Icons on the shelf can provide a shortcut to files and folders you access frequently. The shelf always contains your home folder, which is where you keep your own work. You can add or remove other files and folders. If you click on a shelf icon, the viewer will load the selected file. To put a file on the shelf, just drag it from the viewer area and drop it over the empty shelf, where it illuminates as you drag. To remove a file just drag it off. The shelf is resizable by dragging the little button in the bottom.


The bottom area displays the contents of the folders that make up the path shown in the Icon Path. There are two ways to see the files:

1. Column (pictured) - a hierarchical view of the file system where you can see the entire path that is loaded in the File Viewer, but only the file names are shown. The attributes of the selected file are shown in the bottom of the Viewer, as well as in the Inspector Drawer (COMMAND-I).
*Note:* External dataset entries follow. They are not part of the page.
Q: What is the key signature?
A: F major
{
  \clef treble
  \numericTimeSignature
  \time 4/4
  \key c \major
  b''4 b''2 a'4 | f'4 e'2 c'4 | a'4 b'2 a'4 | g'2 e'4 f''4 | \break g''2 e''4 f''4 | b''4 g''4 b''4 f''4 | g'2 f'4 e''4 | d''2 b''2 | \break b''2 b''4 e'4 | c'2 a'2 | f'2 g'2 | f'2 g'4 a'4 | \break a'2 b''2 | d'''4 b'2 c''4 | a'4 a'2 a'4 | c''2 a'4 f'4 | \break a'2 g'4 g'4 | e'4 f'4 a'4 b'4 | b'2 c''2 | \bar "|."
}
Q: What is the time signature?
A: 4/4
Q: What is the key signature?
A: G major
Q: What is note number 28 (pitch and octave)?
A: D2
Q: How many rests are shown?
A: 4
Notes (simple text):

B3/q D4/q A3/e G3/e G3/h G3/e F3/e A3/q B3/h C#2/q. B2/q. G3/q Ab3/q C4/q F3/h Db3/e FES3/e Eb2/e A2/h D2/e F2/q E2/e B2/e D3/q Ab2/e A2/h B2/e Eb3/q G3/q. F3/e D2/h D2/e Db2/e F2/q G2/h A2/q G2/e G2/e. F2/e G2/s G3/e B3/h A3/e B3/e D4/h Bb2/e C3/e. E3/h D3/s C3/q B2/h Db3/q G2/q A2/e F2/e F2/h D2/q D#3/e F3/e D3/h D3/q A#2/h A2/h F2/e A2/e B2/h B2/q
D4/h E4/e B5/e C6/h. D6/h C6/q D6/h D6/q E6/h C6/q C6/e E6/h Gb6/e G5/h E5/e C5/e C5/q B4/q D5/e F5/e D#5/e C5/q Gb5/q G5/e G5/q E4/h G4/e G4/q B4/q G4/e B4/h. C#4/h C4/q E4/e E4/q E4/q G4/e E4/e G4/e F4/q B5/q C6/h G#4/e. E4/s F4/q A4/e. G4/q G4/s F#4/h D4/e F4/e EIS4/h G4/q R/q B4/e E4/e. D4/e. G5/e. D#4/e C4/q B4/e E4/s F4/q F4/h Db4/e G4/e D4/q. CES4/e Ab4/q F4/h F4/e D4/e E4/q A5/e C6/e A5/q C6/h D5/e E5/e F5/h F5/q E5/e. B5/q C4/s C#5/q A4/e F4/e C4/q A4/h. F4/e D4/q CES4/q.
2. List View - Only the contents of the selected directory are shown in a long format. The names, sizes, modification dates, and permissions of all files are shown.

3. Icon View - The contents of the selected folder are shown as icons. The attributes of the selected file are shown in the bottom of the Viewer, as well as in the Inspector Drawer (COMMAND-I).

<COMMAND>7 will change to Column View; <COMMAND>8 will change the FileViewer to List View; <COMMAND>9 will change the FileViewer to Icon View.

Single clicking on any of the files will select them. Double clicking will open the file in the appropriate application. If you want to see the applications that can open a document with a particular extension, select the file and type
COMMAND-SHIFT-O (as in Capitol o) to bring up the App Selector Panel.

Symbolic Links are always shown in italic font.

The two arrows in the bottom left corner are the History buttons. Using them one can go back to previously visited folders in order. If you want to jump to a folder you visited before, you can call up the History Panel (Viewer/History) and jump directly to a selected folder.

The File Viewer gives you the same interface on the local as well as remote hosts. Also, the file operations are invoked the same way. Use of the File Viewer is very intuitive.

Home Directory

The first space on the shelf will always contain the home folder (or root if there is none). This icon is not removable.


FTP, Public FTP, SFTP, SSH or UNIX. See Site Manager for further explanation.

Host Name

The name of the remote host you are connected to.